Obviously I already decided that it’s going to be MP3. My reasons for that are mainly the wide support for MP3, sufficient compression ratios and playback quality.

Another interessting codec would be the ogg format. Over MP3 it offers better compression ratios at the same quality. It isn’t nearly as widely supported as MP3 and as of today there are only a few portable ogg players. That might change in the future but for now it just doesn’t really meet my requirements.

Bitrate? Quality?

There’s a huge debate, no actually it’s a war, going on over whether CD-quality can be achieved with MP3 regardless of bitrate settings. What it boils down to is that you can’t get CD-quality out of MP3. But - 99.9% of all people cannot hear a difference between a CD and a properly encoded MP3.

What you will most commonly see and what is even advertised in some programs as CD-quality is the 128kbit/s setting. This is by all means not CD quality. A careful listener with halfway decent equipment won’t have any problems telling CD and MP3 apart.

Now, what is a properly encoded MP3? First of all you have to use the right encoder. To make a long story short just use [offsite]LAME as encoder with Alt Preset Standard settings. It is an open source encoder which can be tweaked by literaly a million of command line switches. Fortunately you don’t have to know anything about that because there’s also a set of recommended presets. These presets were tediously tuned by audio freaks:

  • —alt-preset standard (~190 kbit/s, typical 180 … 220)
  • —alt-preset fast standard (~190 kbit/s, faster but potentially lower quality)
  • —alt-preset extreme (~250 kbit/s, typical 220 … 270)
  • —alt-preset fast extreme (~250 kbit/s, faster but potentially lower quality)
  • —alt-preset insane (320 kbit/s CBR, highest possible quality)

With the standard setting the encoded MP3s will sound transparent to 99% of all people. That’s also what I chose for my collection. Of course I played with the idea to use a higher setting but I decided that I won’t ever notice the difference anyway. To hear a difference in that league you have to open yet another can of worms and think about high quality and expensive audio equipment. And people with audio equipment more expensive than a car won’t use MP3s anyway.

The standard setting also uses a variable bit rate technique (VBR) which will adjust the compression ratio to the complexity of the music. So complex sections of music are encoded at higher bit rates while simpler sections are given a lower bit rate.

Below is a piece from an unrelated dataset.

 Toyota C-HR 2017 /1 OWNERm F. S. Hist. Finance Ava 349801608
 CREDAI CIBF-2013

This will usually average to a bit rate of 192kbit/s. The quality will be much better than an MP3 encoded with a constant bit rate (CBR) of 192kbit/s though.

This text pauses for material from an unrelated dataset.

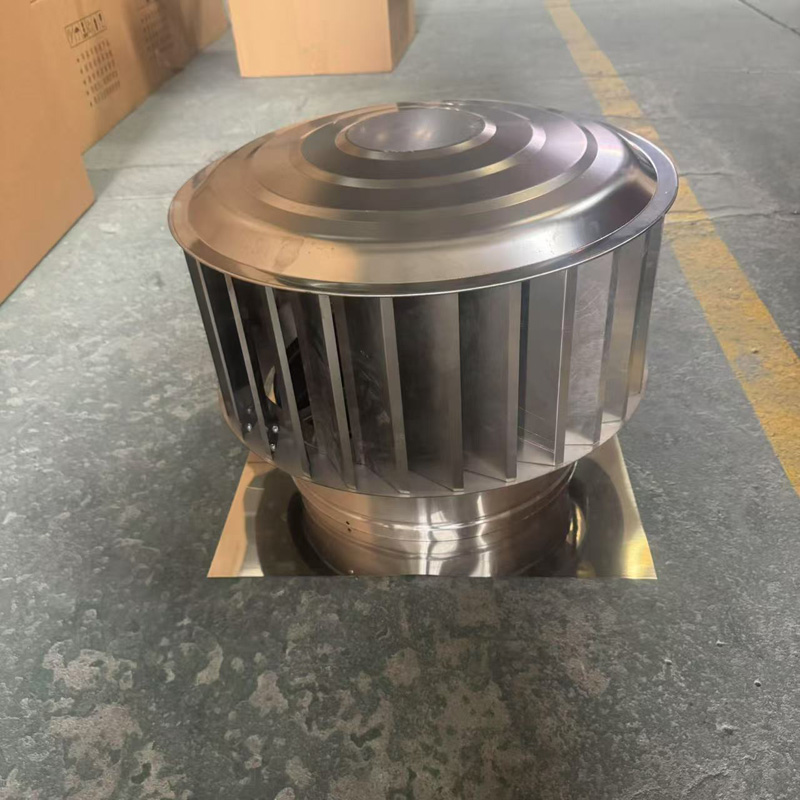 铝合金别墅烟囱帽供应商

It also uses a technique called Joint Stereo to further reduce the file size. Common believe is that Joint Stereo sounds fishy and should be avoided. What’s up with that? This might have been true for early Frauenhofer and Xing encoders which were known for their bad joint stereo implementation. Yet it’s definitely false for the LAME encoder. Instead of storing the information for both stereo channels, joint stereo will store only one full channel and the stereo seperation for the original left and right channel. Since usually the left and right channel differ only slightly only those differences have to be stored, reducing the overall size of the MP3 file. During playback both stereo channels will be fully reconstructed. This technique is mathematically lossless and any perceived difference is a construct of imagination.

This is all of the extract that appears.